» **Material provided**:
+ + + + +
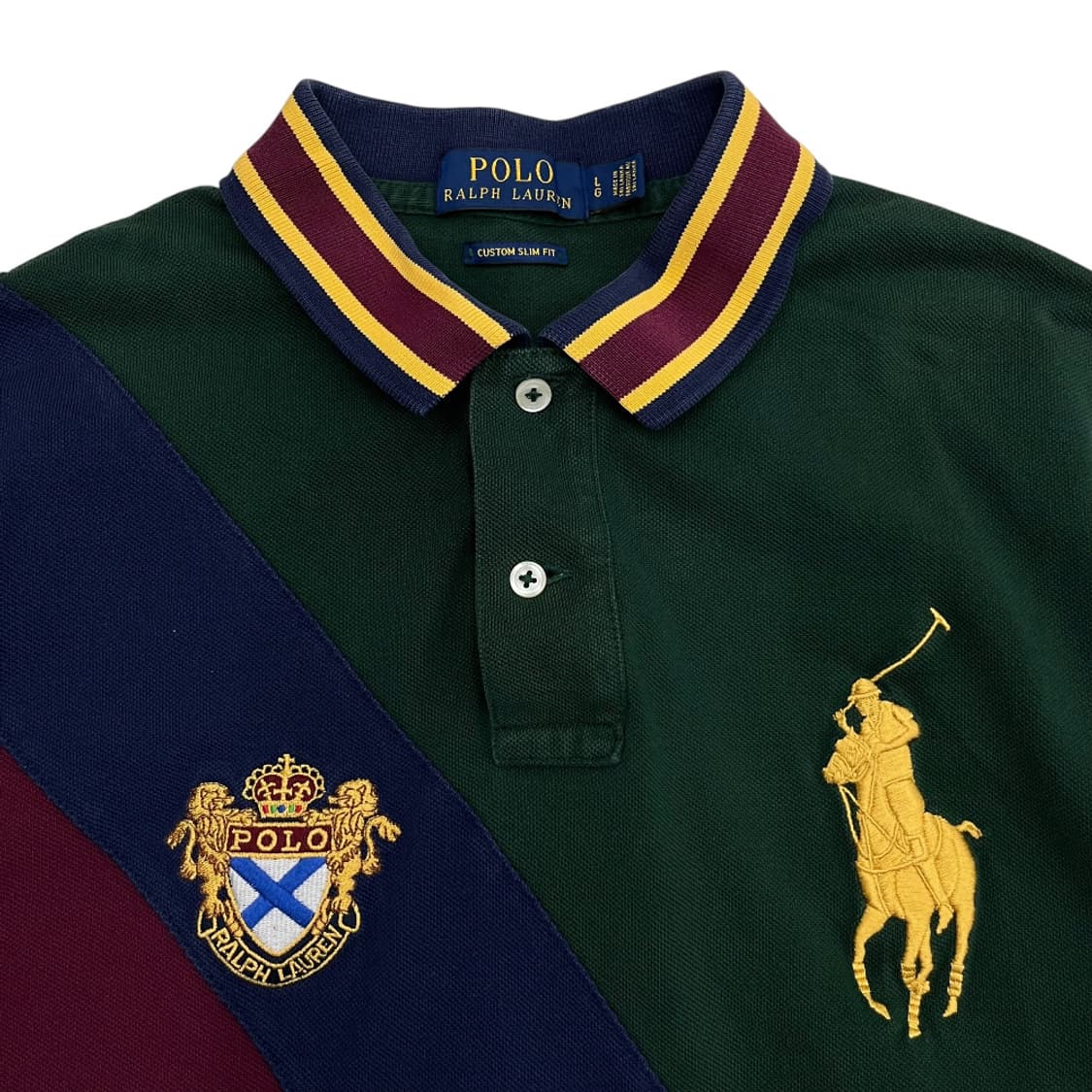 폴로 랄프로렌 골드 빅포니 배색 카라 반팔 L 상품이미지4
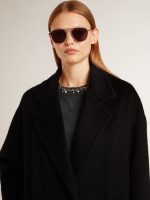 Women's single-breasted black cocoon coat - Image 4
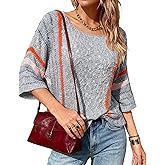 Women's Sweater Striped Pullover Casual Crewneck 3/4 Sleeve Knit Sweater Lightweight Tops Trendy Boho Clothes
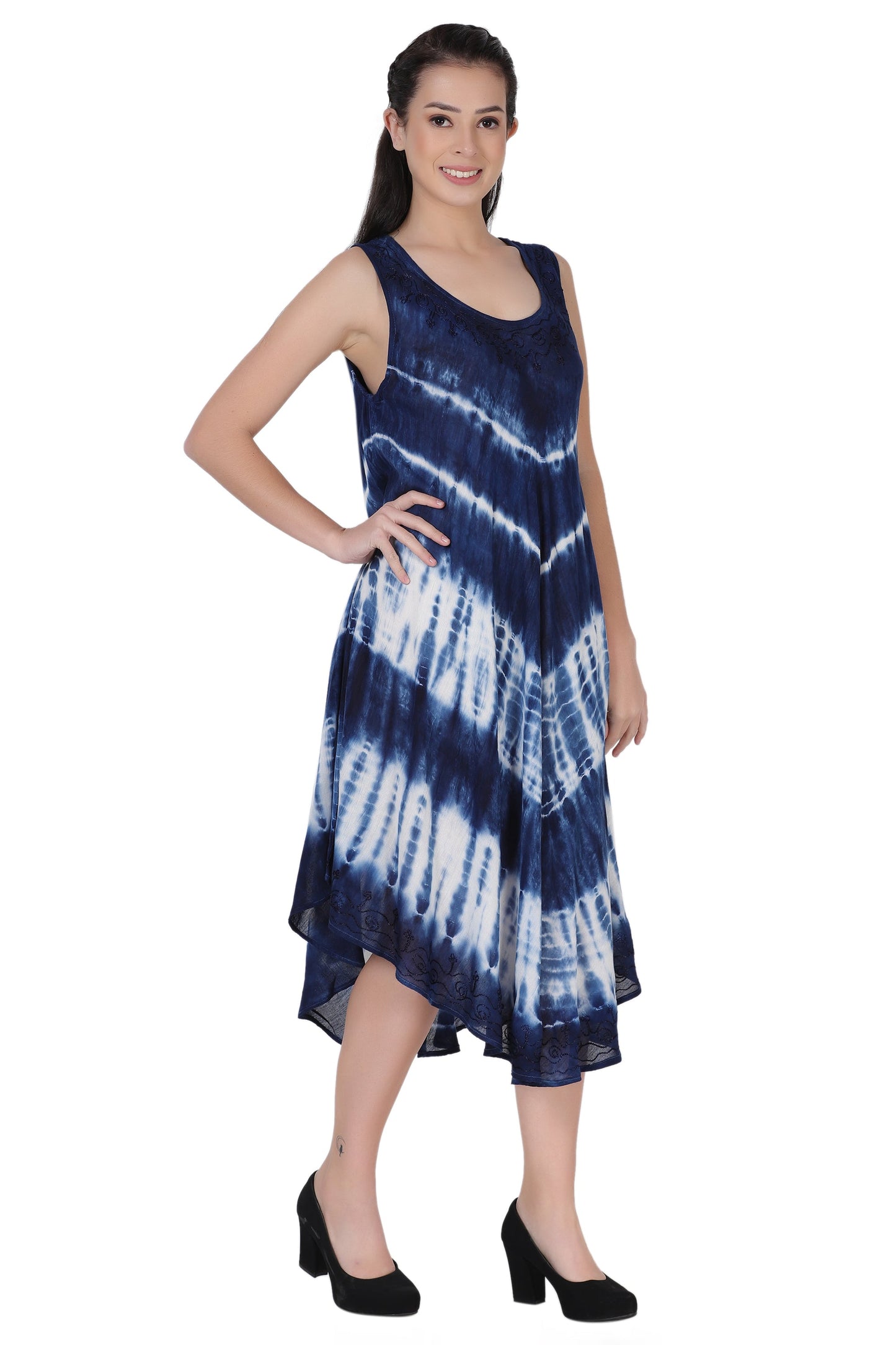 Sleeveless Tie Dye Long Umbrella Dress 482122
+ + + + +
» **Required action**: A word-for-word copy of all the data is required, minus the pictures.

» **Solved problem**:
 폴로 랄프로렌 골드 빅포니 배색 카라 반팔 L 상품이미지4
 Women's single-breasted black cocoon coat - Image 4
 Women's Sweater Striped Pullover Casual Crewneck 3/4 Sleeve Knit Sweater Lightweight Tops Trendy Boho Clothes
 Sleeveless Tie Dye Long Umbrella Dress 482122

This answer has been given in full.